On Wed, Jul 7, 2010 at 4:45 PM, Max S. Kaznady <max.kaznady@gmail.com> wrote:
Great example, thanks! Before your post, I wrote something like:

namespace my {
void my_vec_pow(boost::numeric::ublas::vector<double> &vec, double expon) {
 boost::numeric::ublas::vector<double>::iterator it;
 for (it = vec.begin(); it != vec.end(); ++it)
   *it = std::pow(*it, expon);
}
}

I'm just curious, but from performance perspective, how much more
efficient is it to use iterators and functors? I would assume that
most compilers can exploit this to improve memory management and speed
up the computation... I'll write some benchmarks later on this week,
efficiency is crucial for what I'm doing.

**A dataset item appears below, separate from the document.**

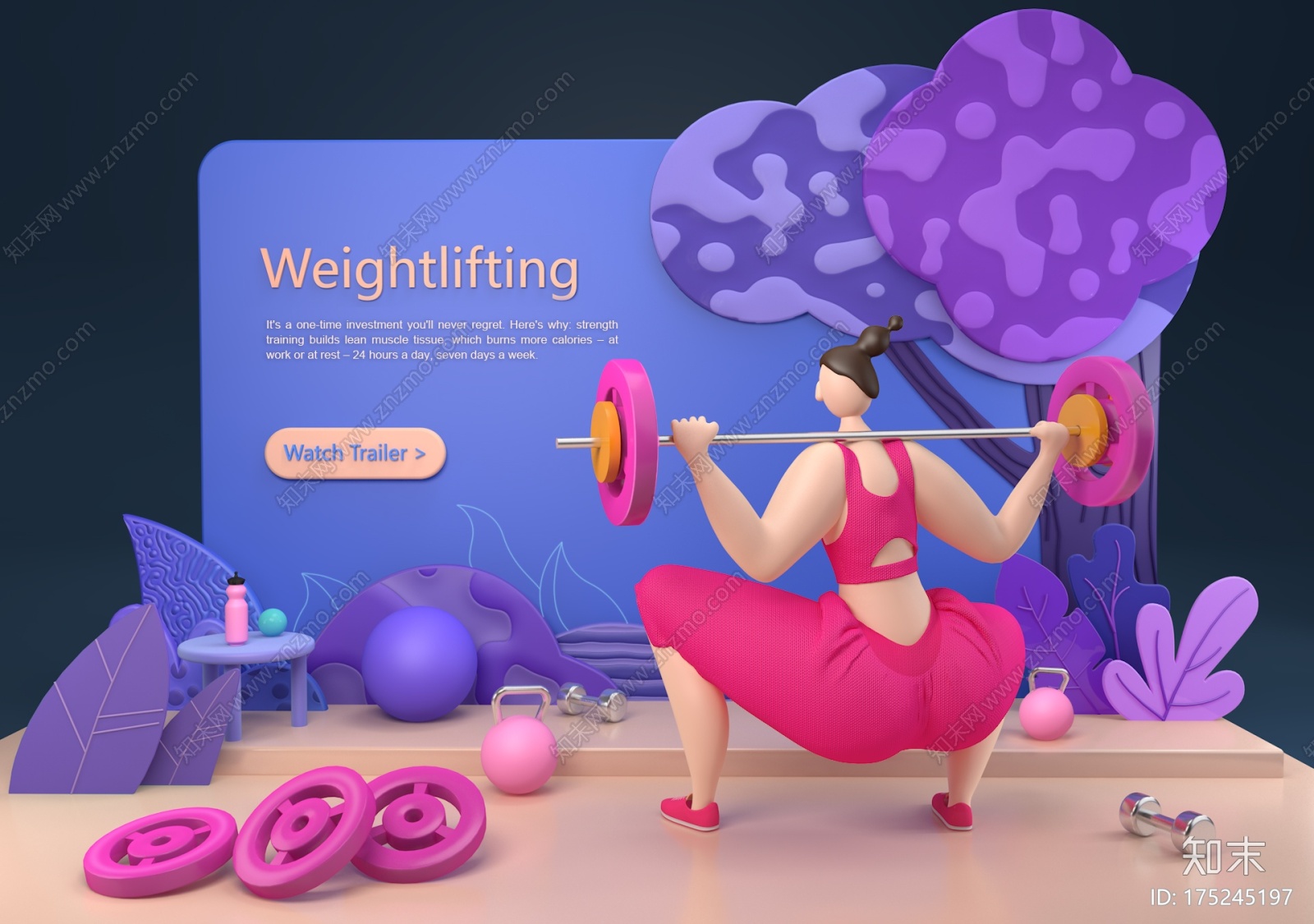 减肥推广海报CG模型下载【ID:175245197】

By and large, in my experience, it's barely measurable, at least for
simple cases. When you write

for(i=v.begin(); i!=v.end();....)

v.end() is evaluated on each iteration, which may have some effect, depending
on type of v, but for simple vectors it's probably inlined anyway. (there's folks
on here that know much more about it than I do).

With the new Boost.Range algorithms there's also some syntactic simplification
as you can write

for(v,fn);

which is a real plus if v is complicated expression, since you don't have to evaluate
it twice or even put it in an explicit variable.

Cheers

- Rob.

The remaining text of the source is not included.